Die Begeisterung der Teilnehmenden des Schnuppersegelns war genauso groß. Gemeinsam mit einer Trainerin oder einem Trainer segelten blinde und sehbehinderte Menschen in einem Boot der inklusiven Segelklasse RS Venture Connect. Dabei saßen sie in Schalensitzen nebeneinander und sammelten Erfahrungen im Steuern und Bedienen der Schoten. Für viele war es das erste Segelerlebnis, aber für die meisten vermutlich nicht das letzte. So gut kam die Aktion an.
Das dritte inklusive Segelprojekt der Kieler Woche drehte sich um die Inklusion auf der Regattabahn mit der Teilnahme des inklusiven „BAT Sailing Teams“, einem Gemeinschaftsprojekt von „Wir sind Wir – Inclusion in Sailing“ und dem Norddeutschen Regatta Verein. Mit zur Crew gehört der sehbehinderte David Koch, der auf einem Auge 5 und dem anderen 2 Prozent Sehkraft besitzt. Dennoch findet sich der Hamburger, der seit vier Jahren segelt und beim Bat Sailing Team ein Crewmitglied der ersten Stunde ist, auf der J/70 „Blindfisch“ bestens zurecht. „Ich habe mir das Boots anfänglich ertastet und mit meiner Restsehkraft angeschaut“, erklärt Koch. Er kenne das Boot mittlerweile quasi blind, sagt er und muss bei der Formulierung selbst etwas grinsen. Als inklusives Team zu segeln, sei definitiv kein Nachteil bei der Regatta, so Crewmitglied Mieke Klein. Im Gegenteil: Die komplette Crew hätte davon eher profitiert, da die Kommunikation an Bord viel präziser vonstattengehen muss als bei anderen der Klasse. „Wir sind eine ganz normale Crew“, lautet das Motto des Teams. Steuermann Marvin Hamm ergänzt in Hinblick auf die Kieler-Woche-Regatta: „Wir wollten mittendrin mitspielen und den anderen zeigen, dass sie mit uns rechnen müssen.“
Nach einem für das Team eher enttäuschenden ersten Wettfahrttag mit einer Disqualifikation wegen eines Frühstarts und einem darauffolgendem Abbruch der Rennen wegen Gewitterwarnung lief es anschließend besser. Nach dem dritten Regattatag lag die Crew bereits auf Rang 33 im 48 Boote starken Feld der J/70. In der sportlich extrem ambitionierten Klasse mit sehr dynamischen Rennen, bei der ein gutes Handling des Bootes sowie optimale Manöver das A und O sind, bedeutete das eine durchaus zufriedenstellende Leistung. Das Team konnte die Position bis Regattaende halten.

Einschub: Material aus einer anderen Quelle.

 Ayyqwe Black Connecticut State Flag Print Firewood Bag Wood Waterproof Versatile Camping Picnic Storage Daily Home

Steuermann Marvin Hamm lobte die Leistung seines Teams: „Es hat alles super geklappt. Wir haben uns gut im Mittelfeld halten können, und für die nächste Kieler Woche ist trotzdem noch Luft nach oben.“ Das Team trainiert momentan einmal wöchentlich mit anderen Segel-Bundesliga-Teams auf der Hamburger Außenalster. „Das ist ein etwas anderer Modus mit kürzeren Rennen und weniger Booten auf der Bahn. Da mussten wir uns erst wieder ein bisschen umstellen“, erklärt Hamm. „Wir sind zufrieden mit unserer Kieler-Woche-Leistung und haben gemerkt, dass wir bei einem guten Start durchaus auf der Kreuz mit den anderen Teams mithalten können. Das ist ein gutes Gefühl“, so David Koch.

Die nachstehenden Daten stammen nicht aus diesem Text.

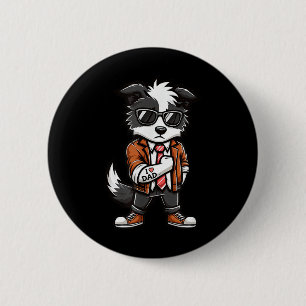 Chapa Redonda De 5 Cm Collie Fronteriza Yo Amo A Papá Gracioso Tattoo Pe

Zufrieden mit allen drei Segelprojekten waren auch die Organisatoren von „Wir sind Wir – Inclusion in Sailing“, Clemens Kraus und Sven Jürgensen: „Für uns als Team gab es während der Kieler Woche viele sehr bewegende, emotionale Momente mit den Teilnehmenden. Die Resonanz auf die Projekte war superpositiv, und wir würden inklusive Segelprojekte gerne nachhaltig etablieren. Ein großer Dank geht an alle Beteiligten.“
Das BAT Sailing Team ging zudem mit einer zweiten Crew rund um Janne Handermann an den Start. Dazu gehörte die gehörlose Karen Suthermann und der Blinde Alexander Thyssen. Als weitere inklusive Crew trat ein Team vom Yachtclub Möhnesee an, zu dem auch der erfolgreiche Para-Segler Siegmund Mainka zählte, der eine paralympische Silber- und eine Goldmedaille im Dreier-Kielboot Sonar ersegelte. Das dritte inklusive Team auf der J/70-Regattabahn in der Kieler Woche kam vom Hamburger Verein „anBord e.V.“, einem Segelprojekt für Menschen mit Krebserkrankung.
Mit somit vier inklusiven Booten haben die Crews ein klares Zeichen für mehr Inklusion auf der Regattabahn gesetzt und gezeigt, wie gut diese funktionieren kann. Das BAT Sailing Team wird dieses schon in Kürze erneut tun, wenn es im Rahmen der Warnemünder Woche in der 2. Segel-Bundesliga antritt.